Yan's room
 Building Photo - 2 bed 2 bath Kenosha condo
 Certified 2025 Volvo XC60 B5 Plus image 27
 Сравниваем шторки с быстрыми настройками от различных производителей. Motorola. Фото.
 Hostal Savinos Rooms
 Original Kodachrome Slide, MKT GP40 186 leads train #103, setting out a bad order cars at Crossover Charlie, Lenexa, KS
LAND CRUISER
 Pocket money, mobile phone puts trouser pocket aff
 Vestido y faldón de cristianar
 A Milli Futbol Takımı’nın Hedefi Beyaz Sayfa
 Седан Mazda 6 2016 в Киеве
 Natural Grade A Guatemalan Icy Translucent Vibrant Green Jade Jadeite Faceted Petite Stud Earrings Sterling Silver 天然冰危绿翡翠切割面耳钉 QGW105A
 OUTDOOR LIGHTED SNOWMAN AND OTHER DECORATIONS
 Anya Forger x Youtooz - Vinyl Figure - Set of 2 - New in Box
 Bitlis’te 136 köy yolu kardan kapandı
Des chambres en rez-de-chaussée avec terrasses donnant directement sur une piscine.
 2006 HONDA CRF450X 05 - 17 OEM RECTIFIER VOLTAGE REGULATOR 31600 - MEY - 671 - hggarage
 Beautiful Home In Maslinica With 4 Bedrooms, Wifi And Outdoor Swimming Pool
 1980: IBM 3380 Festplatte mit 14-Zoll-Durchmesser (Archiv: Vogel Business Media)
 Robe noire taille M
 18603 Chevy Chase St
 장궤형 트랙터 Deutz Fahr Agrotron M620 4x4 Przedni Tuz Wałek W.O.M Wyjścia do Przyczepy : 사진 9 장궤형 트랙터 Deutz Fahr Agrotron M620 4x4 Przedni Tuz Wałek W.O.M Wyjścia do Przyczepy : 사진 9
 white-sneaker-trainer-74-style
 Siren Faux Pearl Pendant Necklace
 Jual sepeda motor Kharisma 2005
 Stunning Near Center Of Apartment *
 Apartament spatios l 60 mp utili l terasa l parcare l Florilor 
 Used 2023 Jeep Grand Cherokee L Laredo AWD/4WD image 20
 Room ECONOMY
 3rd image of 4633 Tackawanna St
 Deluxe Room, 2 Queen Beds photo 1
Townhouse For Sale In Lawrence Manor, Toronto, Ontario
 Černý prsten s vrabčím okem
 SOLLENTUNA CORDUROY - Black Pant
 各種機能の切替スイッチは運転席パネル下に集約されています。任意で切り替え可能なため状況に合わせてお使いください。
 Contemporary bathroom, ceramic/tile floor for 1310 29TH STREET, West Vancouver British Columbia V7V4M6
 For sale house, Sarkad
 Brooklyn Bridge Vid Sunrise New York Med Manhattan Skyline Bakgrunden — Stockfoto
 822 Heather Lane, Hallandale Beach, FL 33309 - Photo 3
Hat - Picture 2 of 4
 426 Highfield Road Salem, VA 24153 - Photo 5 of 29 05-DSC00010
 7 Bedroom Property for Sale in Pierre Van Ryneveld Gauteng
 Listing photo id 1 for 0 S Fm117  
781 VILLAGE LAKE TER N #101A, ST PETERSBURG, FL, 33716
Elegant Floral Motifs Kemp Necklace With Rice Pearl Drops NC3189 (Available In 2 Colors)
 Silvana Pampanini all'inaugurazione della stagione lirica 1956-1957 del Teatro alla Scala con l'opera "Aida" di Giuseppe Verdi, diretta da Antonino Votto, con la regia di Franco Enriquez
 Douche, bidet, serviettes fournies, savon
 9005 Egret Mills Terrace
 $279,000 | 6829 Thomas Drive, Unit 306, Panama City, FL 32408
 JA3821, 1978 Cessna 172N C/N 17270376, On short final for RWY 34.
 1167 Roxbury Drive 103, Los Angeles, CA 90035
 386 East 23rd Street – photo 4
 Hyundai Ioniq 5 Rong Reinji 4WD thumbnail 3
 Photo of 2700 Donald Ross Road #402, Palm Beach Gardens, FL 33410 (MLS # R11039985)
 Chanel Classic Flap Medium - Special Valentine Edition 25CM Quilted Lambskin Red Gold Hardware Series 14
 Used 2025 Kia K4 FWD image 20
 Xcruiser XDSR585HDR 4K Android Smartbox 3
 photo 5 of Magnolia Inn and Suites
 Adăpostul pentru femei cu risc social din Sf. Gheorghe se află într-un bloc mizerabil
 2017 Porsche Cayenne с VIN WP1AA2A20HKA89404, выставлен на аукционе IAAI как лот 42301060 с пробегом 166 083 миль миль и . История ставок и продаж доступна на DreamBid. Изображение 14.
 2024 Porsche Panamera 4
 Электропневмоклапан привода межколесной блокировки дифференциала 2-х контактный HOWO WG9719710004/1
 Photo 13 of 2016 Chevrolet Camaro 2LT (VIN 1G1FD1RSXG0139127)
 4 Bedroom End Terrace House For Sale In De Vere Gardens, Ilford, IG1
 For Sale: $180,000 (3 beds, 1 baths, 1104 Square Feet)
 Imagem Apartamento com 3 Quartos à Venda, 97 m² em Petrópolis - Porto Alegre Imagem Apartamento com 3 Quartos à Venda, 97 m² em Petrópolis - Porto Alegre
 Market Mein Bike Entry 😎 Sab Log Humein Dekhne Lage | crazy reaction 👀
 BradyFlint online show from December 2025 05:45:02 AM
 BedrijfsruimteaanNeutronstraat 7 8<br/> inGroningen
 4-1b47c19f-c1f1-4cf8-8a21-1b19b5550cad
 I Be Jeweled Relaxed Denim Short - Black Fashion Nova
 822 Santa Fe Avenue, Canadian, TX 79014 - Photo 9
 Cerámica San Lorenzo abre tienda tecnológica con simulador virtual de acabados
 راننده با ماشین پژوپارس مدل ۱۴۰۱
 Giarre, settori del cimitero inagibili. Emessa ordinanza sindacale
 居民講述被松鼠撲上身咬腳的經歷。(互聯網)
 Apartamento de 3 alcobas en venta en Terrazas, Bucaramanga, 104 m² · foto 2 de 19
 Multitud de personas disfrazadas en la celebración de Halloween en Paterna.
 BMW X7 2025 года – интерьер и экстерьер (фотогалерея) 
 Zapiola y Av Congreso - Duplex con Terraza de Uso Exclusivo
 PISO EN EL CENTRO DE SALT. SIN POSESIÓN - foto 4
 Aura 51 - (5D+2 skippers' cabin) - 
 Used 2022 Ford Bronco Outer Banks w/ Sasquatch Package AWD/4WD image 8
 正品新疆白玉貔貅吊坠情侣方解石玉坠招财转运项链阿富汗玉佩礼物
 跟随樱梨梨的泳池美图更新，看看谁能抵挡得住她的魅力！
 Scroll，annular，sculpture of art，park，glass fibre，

> Exercise
In the records above, collect each line with "Road".

> Answer section
 426 Highfield Road Salem, VA 24153 - Photo 5 of 29 05-DSC00010
 Photo of 2700 Donald Ross Road #402, Palm Beach Gardens, FL 33410 (MLS # R11039985)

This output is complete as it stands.